The amount a player's contract counts against the salary cap in a given year represents base salary plus prorated portions of bonus money. Any bonuses paid for being on a team's roster ("roster bonuses") count in full during the year they are paid.
For Akers, who did not have a roster bonus this offseason, the salary-cap charge would have been $3.56 million in 2013 had he remained on the roster. That figure represented the $3 million in base salary plus a one-year share of that $1.7 million bonus. The $3 million salary came off the books when the 49ers released Akers. However, the one-third share of $1.7 million still counts because Akers received that money. As a result, his contract counts $556,668 against the salary cap in 2013 even though Akers isn't on the roster.

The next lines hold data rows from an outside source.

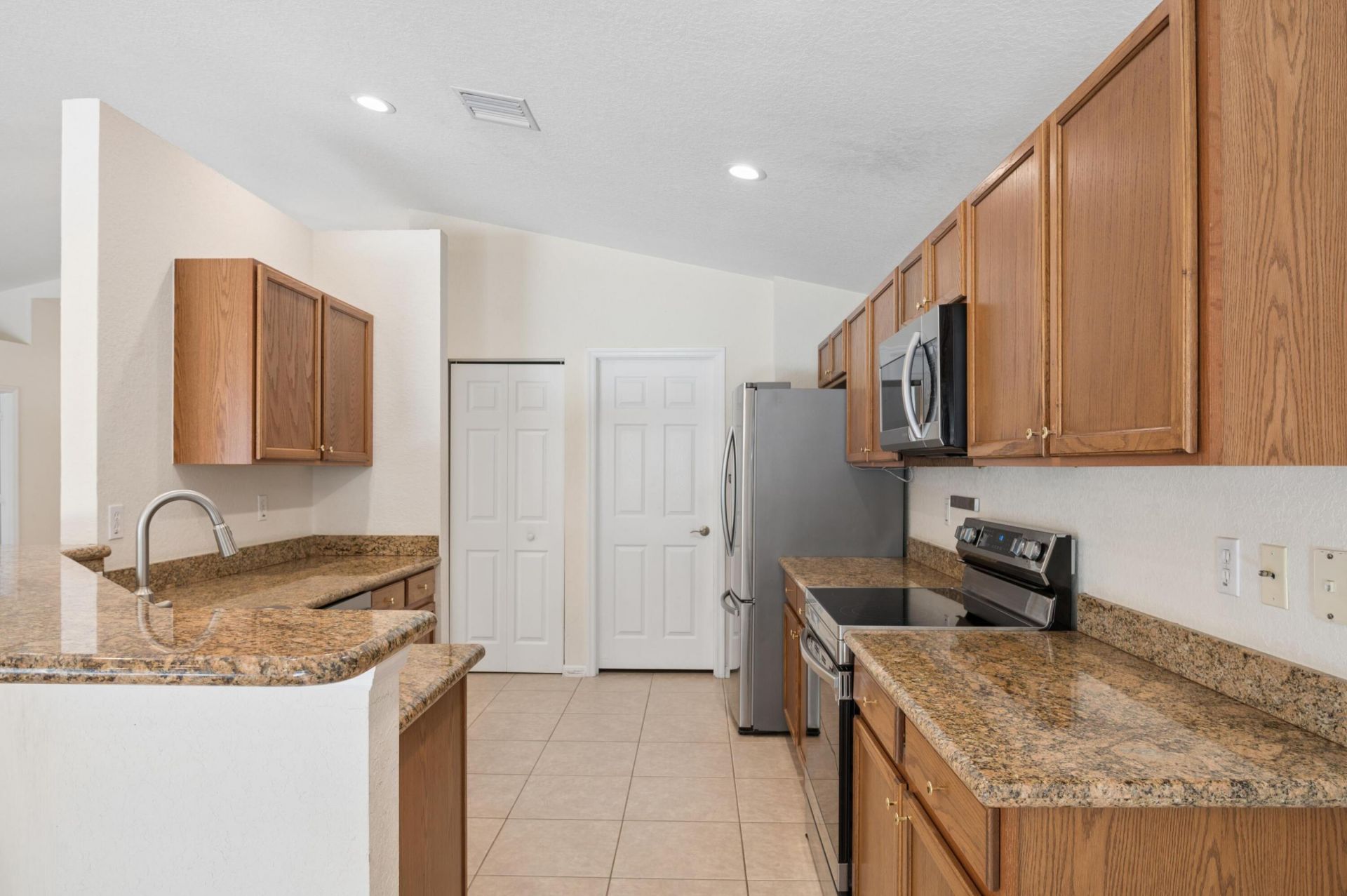 5330 Vernio Lane, Boynton Beach, FL 33437 Photo
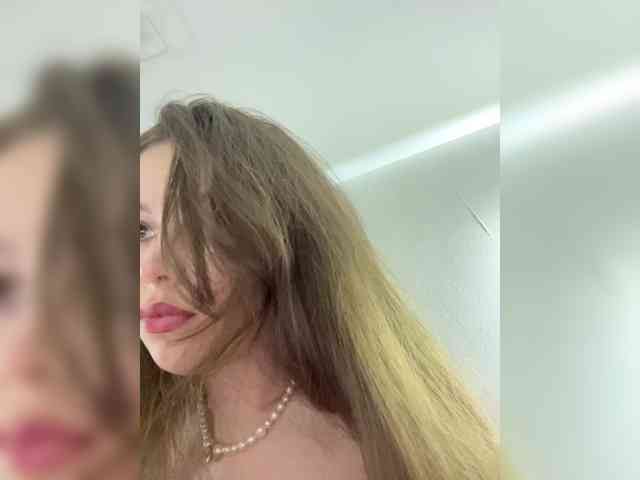 YourLadyyy webcam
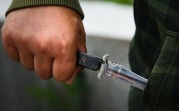Житель Новомосковска решил сделать из одежды соседа коврик для ног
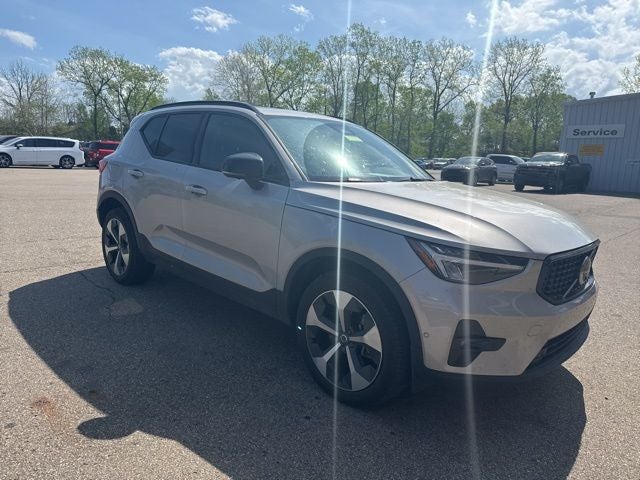 2024 Volvo XC40 B5 Plus Dark Theme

This is what teams refer to as "dead" money. Too much dead money kills a team's chances to compete. The amount San Francisco absorbed in Akers' release is manageable.

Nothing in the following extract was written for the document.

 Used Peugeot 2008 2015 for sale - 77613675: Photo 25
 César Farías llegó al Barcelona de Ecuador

Sometimes we'll see players sign deals filled with large salaries in the final few years. These salaries allow the player to feel good about signing what sounds like an especially lucrative deal. However, the team can often avoid paying those inflated salaries by releasing the player before the money is due.
Signing bonuses and other guaranteed money provide protection for the player.
Seattle's Matt Flynn provides one example. While the Seahawks have cap room to carry Flynn's $5.25 million salary and $7.25 million cap number, those figures do not represent great value for a backup. Flynn has some security against release, however, because the $6 million signing bonus he received is counting $2 million against the cap in each of the three years of the deal. Flynn also has $2 million in 2013 base salary guaranteed.
So, if the Seahawks were to release Flynn, they would still be on the hook for that $2 million in guaranteed salary, which would count against their cap. They would also have to account under the cap for some of the $6 million in bonus money paid earlier. One-third of that $6 million counted against the 2012 cap. The remaining two-thirds would count against the 2013 cap if the Seahawks released him. That means Flynn's contract would count $6 million against the 2013 cap even if Seattle released him. The price for keeping Flynn on the roster is an additional $1.25 million in cap room -- not much in the bigger picture.
Rules do allow teams to defer bonus-related cap charges for one released player each offseason. In the case of Flynn, Seattle could push the $2 million in prorated bonus money for 2014 into the 2014 cap. Taking that route would reduce Flynn's cap charge from $6 million to $4 million in 2013 if the Seahawks released him now. But they would have to account for the remaining $2 million next year.
In St. Louis, meanwhile, the Rams realized $7 million in cap relief when Steven Jackson voided his contract. That figure represents the amount Jackson would have earned in base salary had he remained on the team. There is no prorated bonus money to contend with at this time because the Rams chose to absorb the scheduled 2013 hit last season. The $7 million salary was not guaranteed, so Jackson will not receive that money.
Arizona will almost surely seek 2013 cap relief from Kevin Kolb's contract. Kolb is scheduled to earn $9 million in salary. He's also scheduled to receive a $2 million roster bonus later this month. The team also must deal with $2 million in annual prorated bonus charges for 2013, 2014 and 2015. Releasing Kolb would clear from the books his $9 million salary and $2 million roster bonus. However, the team would have to account for $6 million in prorated bonus charges, either all at once or with $4 million deferred to next year.
Releasing Kolb could reduce his scheduled 2013 cap charge of $13.5 million to either $2 million or $6 million, depending upon how the Cardinals chose to proceed.